Em 1985, quando eu estava no norte de Portugal a cumprir o Serviço Militar Obrigatório, tive o privilégio de conhecer um escritor extraordinário. No nosso pelotão de recrutas encontrava-se um homem que dedicava todo o seu tempo livre a escrever num caderno que guardava no bolso da farda. Era um jovem com pouco mais de 20 anos, muito tímido e observador, e não mostrava os seus textos a ninguém. Conseguíamos apenas ver que ele preenchia as folhas com uma letra minúscula e muito elaborada, quase como se desenhasse as palavras.
Ao longo dos três meses de treino militar, o acaso juntou-nos várias vezes no mesmo grupo de soldados, e começamos casualmente a trocar algumas palavras. Alguns dias antes do Juramento de Bandeira, e da nossa consagração ao dever de defender a Pátria com a vida, ele surpreendeu-me ao perguntar se eu lhe podia dar uma opinião sobre a sua escrita. Talvez tenha sido pelo facto de eu não lhe ter pedido para ver os textos, mas na realidade, nunca entendi por que motivo ele me escolheu.

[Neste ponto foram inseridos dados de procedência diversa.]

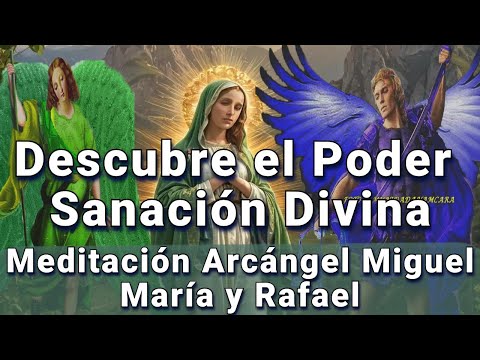 PODEROSA SANACIÓN UNIVERSAL 🕊️ 💎Arcángeles Rafael, Miguel Madre María ¿VES ESTE MENSAJE? ES PARA TI💚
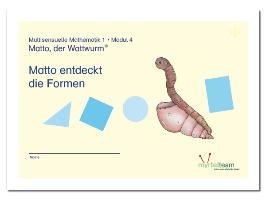 "Matto, der Wattwurm" - Lernstufe 1 - Modul 4: Matto entdeckt die Formen Myrtel Verlag Gmbh&Co.Kg, Myrtel Verlag Gmbh&Co. Kg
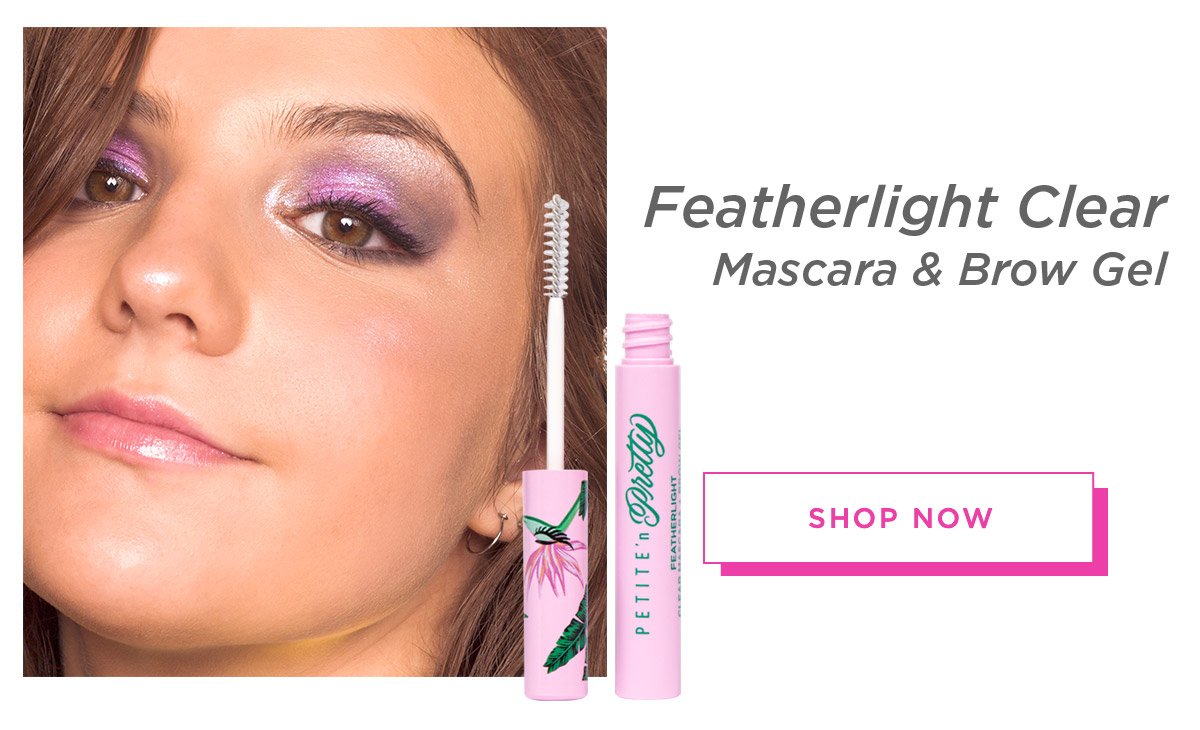 Petite 'n Pretty Featherlight Clear Mascara + Brow Gel Reviews 2023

Quando abri o caderno e comecei a ler, fiquei estupefacto: vi que se tratava de uma sequência de letras, de palavras e de frases sem nexo que se repetiam, por vezes ao longo de uma página inteira! Encontrei também muitos parágrafos isolados no meio das páginas, com uma ou duas linhas que ele copiara dos jornais, ou talvez dos cartazes que encontrara na rua. Pensei que se tratava de uma piada, mas quando ele me disse que gostava muito de escrever e que as letras, as palavras e os algarismos eram muito, muito bonitos, compreendi e comovi-me ao perceber que aquele homem não sabia ler nem escrever!

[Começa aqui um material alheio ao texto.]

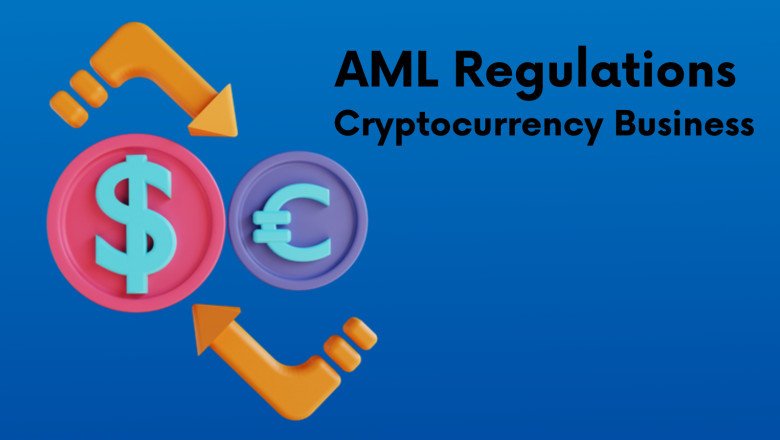 Everything A Cryptocurrency Business Should Know About AML Regulations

Ele transferia para o papel o que via impresso em redor e dedicava-se a reproduzi-lo com a mestria de um artesão experiente, desenhando-o com uma caligrafia belíssima. Possivelmente, até conhecia o significado de algumas palavras, mas a escrita era para ele e no seu todo um mistério maravilhoso. Com muita dificuldade, eu consegui resistir ao impulso sincero de lhe recomendar que contactasse a Junta de Freguesia, a Paróquia ou mesmo uma escola, para que alguém lhe ensinasse o abecedário e a gramática. Tornara-se claro para mim que na sua paixão pela forma da escrita, ele apenas se interessava pela beleza do objeto que criava sobre a folha de papel.

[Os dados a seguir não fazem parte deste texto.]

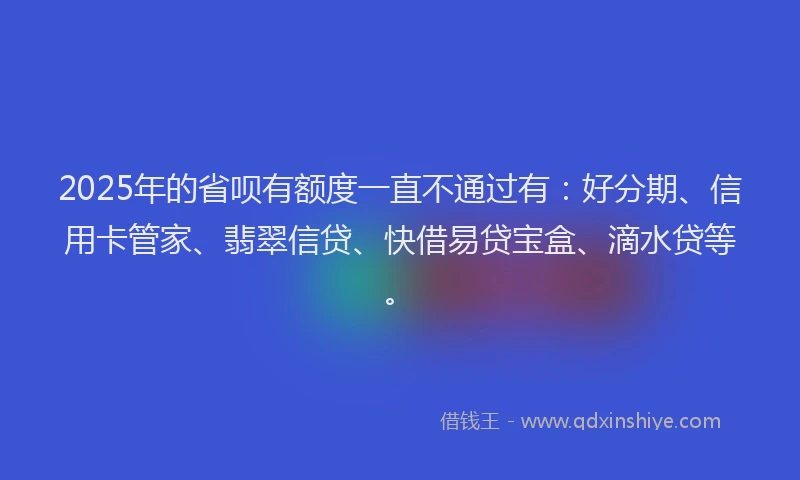 2025年的省呗有额度一直不通过有：好分期、信用卡管家、翡翠信贷、快借易贷宝盒、滴水贷等。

No dia em que fomos transferidos para os nossos respetivos Quarteis Militares, ele deu-me uma folha na qual desenhara uma árvore, cujas raízes formavam a letra “a”, representada com uma caligrafia elaboradíssima, dir-se-ia quase barroca. No momento em que nos despedimos, ele disse-me também que a escrita o ajudava a perceber melhor as pessoas e as coisas. Do fundo do meu coração, desejei-lhe um grande sucesso como escritor e garanti-lhe que aguardava impacientemente pelo seu primeiro livro.
Infelizmente, já decorreram mais de trinta e cinco anos desde aquele dia e eu já não me lembro do seu nome nem sei onde terei guardado a sua oferta. Mas para me consolar, gosto de o imaginar a percorrer o país, e talvez o mundo, com os seus cadernos – já devem ser muitos – e a desenhar letras, palavras e algarismos, e feliz como aquele homem, que nos primórdios da história da escrita, um dia desenhou o primeiro símbolo.